● **Recorded data**
========================

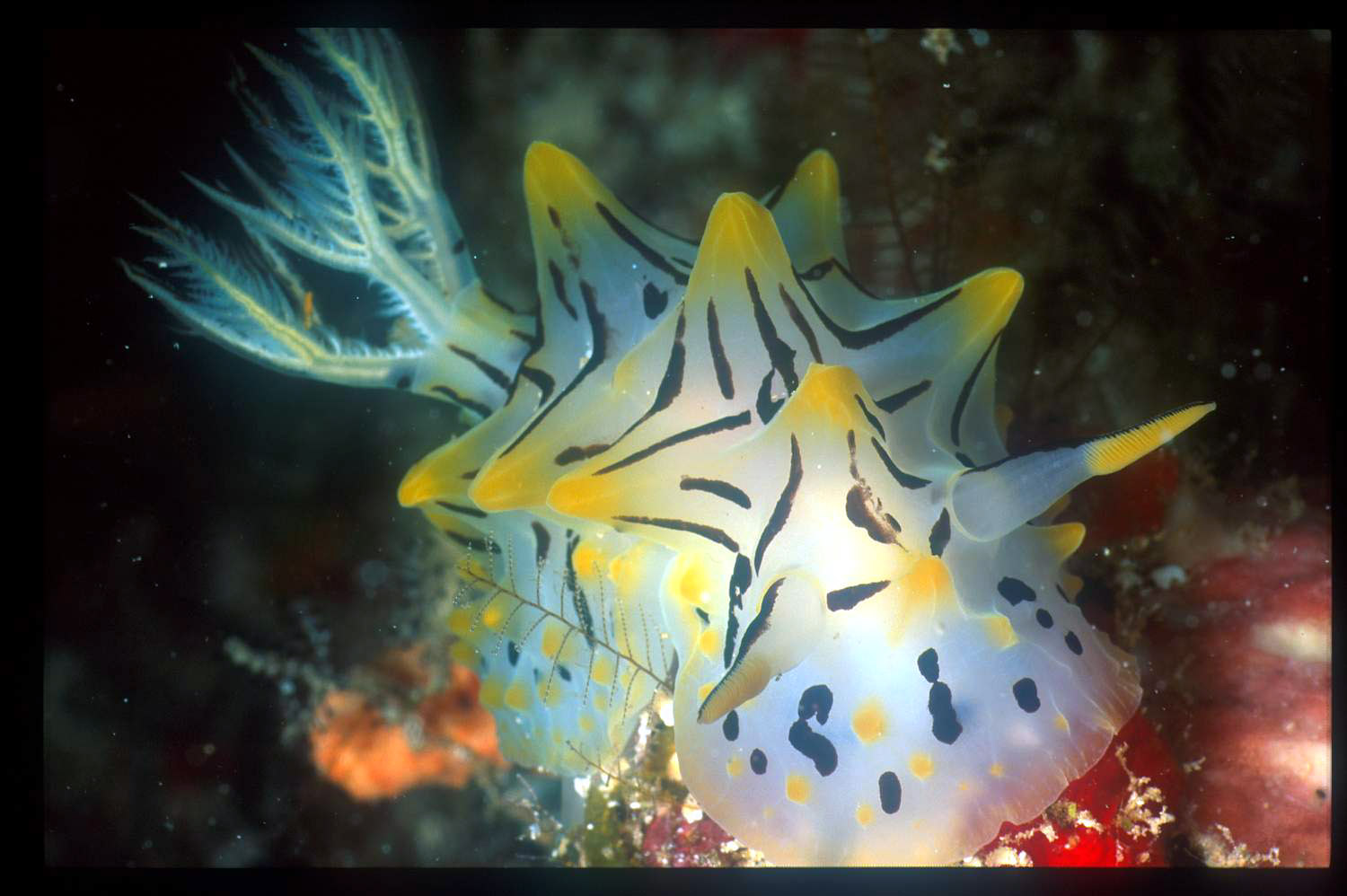 nudi_Halgerda_iota_Nudibranch_01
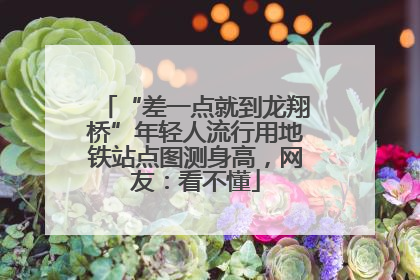 “差一点就到龙翔桥”年轻人流行用地铁站点图测身高，网友：看不懂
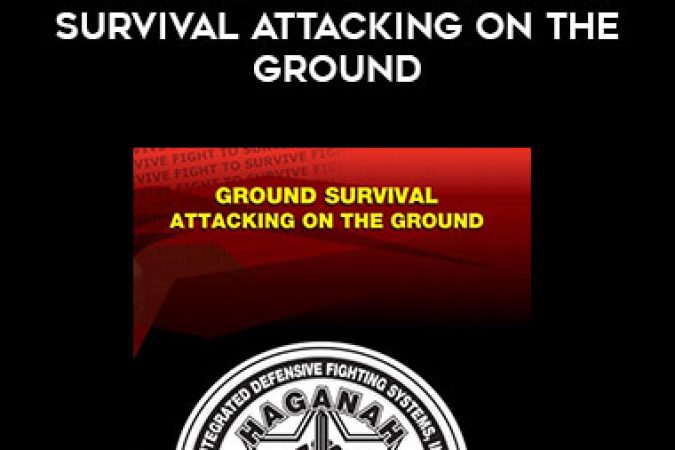 Haganah F.I.G.H.T. Ground Survival Attacking On The Ground onnline courses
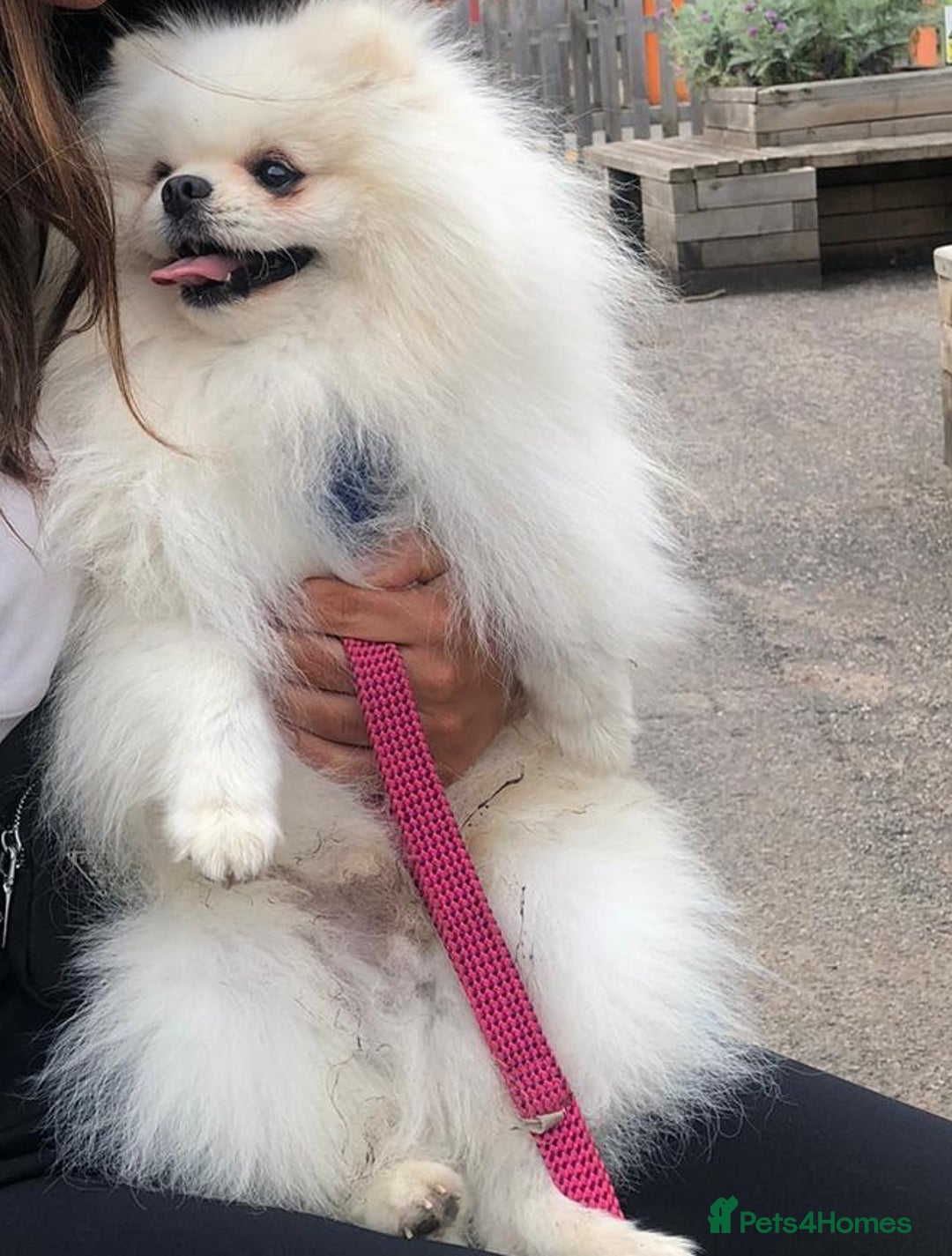 Pomeranian dogs for stud: Russian white stud (Monti muffins) - Image 2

========================

Once the pictures are set aside, repeat the data above exactly.

● **Output for this exercise**
 nudi_Halgerda_iota_Nudibranch_01
 “差一点就到龙翔桥”年轻人流行用地铁站点图测身高，网友：看不懂
 Haganah F.I.G.H.T. Ground Survival Attacking On The Ground onnline courses
 Pomeranian dogs for stud: Russian white stud (Monti muffins) - Image 2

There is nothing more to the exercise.